The effectiveness of independent governance committees has come under the spotlight in the Work & Pensions Committee’s hearing on pension costs and transparency inquiry, with the bodies blasted for lacking information.

Firms that operate workplace personal pension schemes must establish and maintain IGCs. They have a duty to scrutinise the value for money of the provider’s workplace personal pension schemes, taking into account transaction costs, raising concerns and making recommendations to the provider’s board as appropriate.

In groundbreaking research last year, campaign group ShareAction found that despite examples of innovation by some IGCs, “many IGC reports are vague and offer only unsubstantiated claims that savers’ interests are being protected. In a number of cases, IGC reports provide insufficient information to enable savers to understand the value for money they are getting”.

Some IGCs, however, still seem to be experiencing difficulties in providing proper protection for consumer interests

Rachel Haworth, ShareAction

In a report of proceedings published last week, Labour MP Steve McCabe challenged the Financial Conduct Authority on their role in overseeing the committees.

McCabe quoted the ShareAction report, asking: “How did you get to a stage where you gave them a clean bill of health when this was happening and you were aware of it? Do you accept the ShareAction report?”

Pritheeva Rasaratnam, head of pensions and funds policy at the FCA, replied: “You are absolutely right – there were varying standards of reporting. One of the things they [ShareAction] recommended we do was issue further guidance on value for money, to help IGCs. In fact, that is one of the priority actions coming out of our joint strategy with [the Pensions Regulator].

“We are going to work with the Pensions Regulator to try to set out a bit more guidance about what value for money means and what we expect IGCs to do when they assess value for money.”

McCabe also asked if IGCs could “be more proactive and drive providers to take robust action earlier”, if the FCA had been successful in improving IGC quality, and whether the watchdog would issue guidance for them.

Christopher Woolard, executive director of strategy and competition at the FCA, responded: “We haven’t issued direct guidance to them, but we have had a number of conversations with IGCs.”

“They have had a meaningful impact in reducing the underlying cost of funds for many members. In that respect, there is a good job being done there,” he continued. “But the fact that we have got a review scheduled and the comments from ShareAction that we have discussed with them and, frankly, broadly accept, means this is an evolving picture.”

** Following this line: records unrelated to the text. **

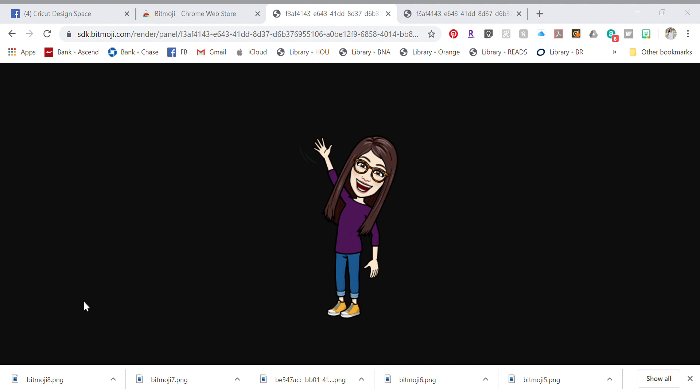Into Cricut Design Space, I'm assuming you know how to upload an image. You just click upload, upload an image, and then browse and go to the folder where your image was saved. I called this bitmoji 8. What you're going to want to do now is choose complex.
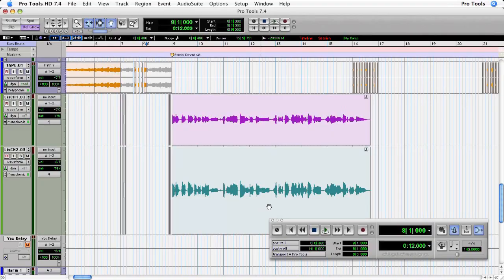Now that we're seeing how we can use the elastic properties and the warp markers on a rhythmic track, let's apply those same techniques to a vocal performance. I want to create a long vocal stutter using this double track vocal performance.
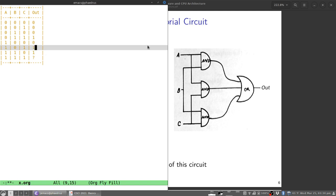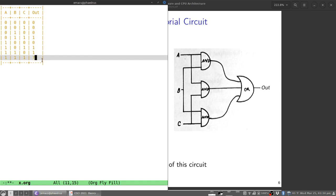For all three ones, I have a one, a one, and a one feeding the OR — output is one. So half of my outputs are ones and half are zeros. The pattern worthwhile to point out here is that this is essentially a majority circuit, a sort of voting circuit. If the majority of the inputs are one, then what comes out is a one. If the majority are zeros, then the output is a zero.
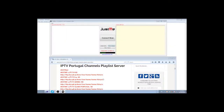G'day guys, just me Romsey, and today is going to be a real quick short video. It's just a little app that a few members have been hassling me for. For anyone that does Kodi add-ons or playlists and you've got an M3U list and you want to convert it to XML, doing so manually can be very tedious and a long process.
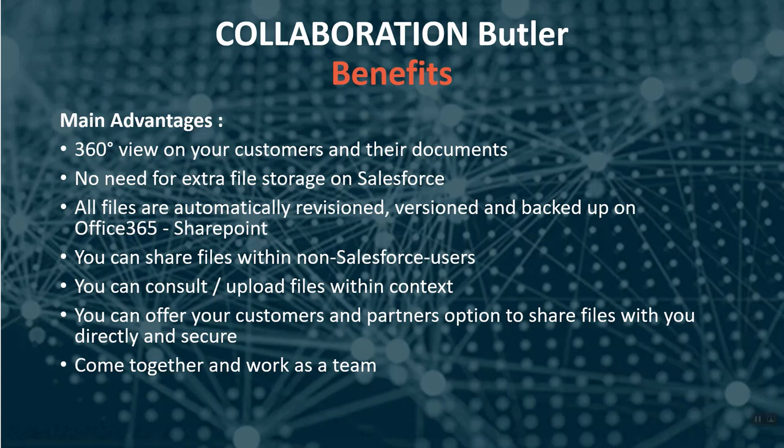Welcome to Collaboration Butler. These three slides explain some benefits from Collaboration Butler. I will not read the slides but talk you through it.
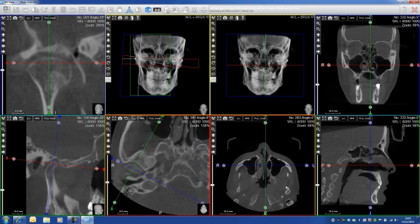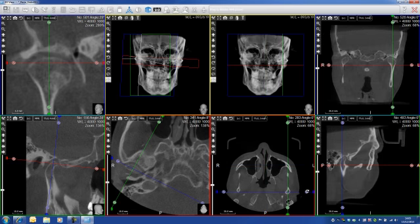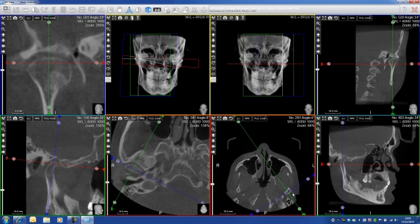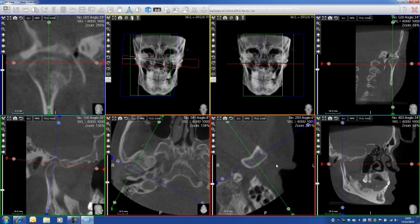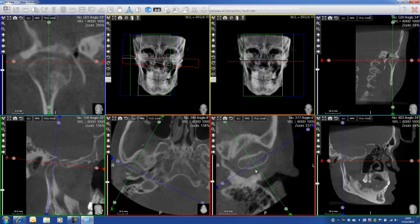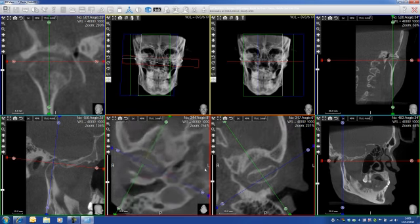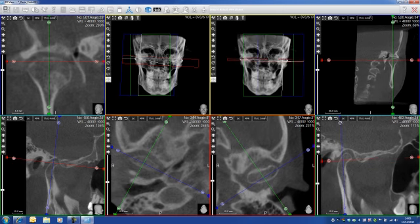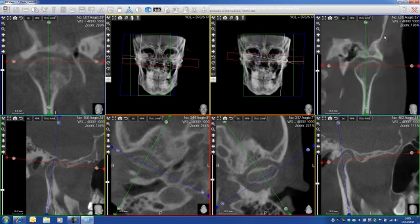Now I do the same thing for the left TMJ. I go here, I angulate, I can roll a little bit, and I zoom to see a bit more. The idea is to have exactly the same view as the right side. I zoom a little bit more, the TMJ is appearing now. I angulate this view a bit, and I can see my condyles.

Commenting on the WPC inquiry, Rachel Haworth, UK policy manager at ShareAction, said: “It's great that, a year on from our investigation, we’re seeing MPs and the regulator taking the issue seriously.”

“We hope this will lead to improved outcomes for savers. Following our engagements with IGCs we’ve been pleased to see many useful changes being made. Some IGCs, however, still seem to be experiencing difficulties in providing proper protection for consumer interests. The FCA needs to provide further support and scrutiny to ensure savers get a good deal and it should consider how to do so as part of its forthcoming review of rules for IGCs.”

Chorus of criticism

Five out of 16 reports reviewed by ShareAction did not state how much savers are charged by their workplace pension provider. Seven out of 16 did not report data on how well savers’ investments were performing.

Henry Tapper, director of First Actuarial, has been an influential campaigner for more effective IGCs. On his blog, he has said: “People who are genuinely interested in transparency are not getting onto IGC boards. Instead IGCs are being packed with ‘trophy’ members who appeal to the vanity of the insurance boards, but who have neither the energy nor the motivation to genuinely shake the tree.

“IGCs have not yet established mechanisms to hear firsthand from either members or their employers. When it comes to the nuts and bolts of auto-enrolment and workplace pension saving, the IGCs therefore have to guess at the issues, or be guided by large employers – who have available resource to have individual meetings with the IGCs.

“In Britain today, we have more than 1m participating employers in auto-enrolment, but all but a handful are excluded from the IGCs’ knowledge and understanding.

Not all IGCs are poodles

One IGC that has proved its effectiveness is Virgin Money’s. Last year, its third report from Sir David Chapman for the Virgin Money Stakeholder said there was room for improvement on “costs, charges and benefits”.

“As pensions are a long-term investment, the impact of annual charges can be significant on the overall value of your fund. The provider’s 0.75 per cent AMC [annual management charge] for automatic enrolment and 1 per cent for others, while compliant, is high when compared with similar, passively managed schemes and this will have an impact on the value of policyholder funds,” he wrote.

Significantly, following Chapman’s report, in 2019 Virgin Money cut the fee on its UK tracker fund from 1 per cent to a still-high 0.6 per cent.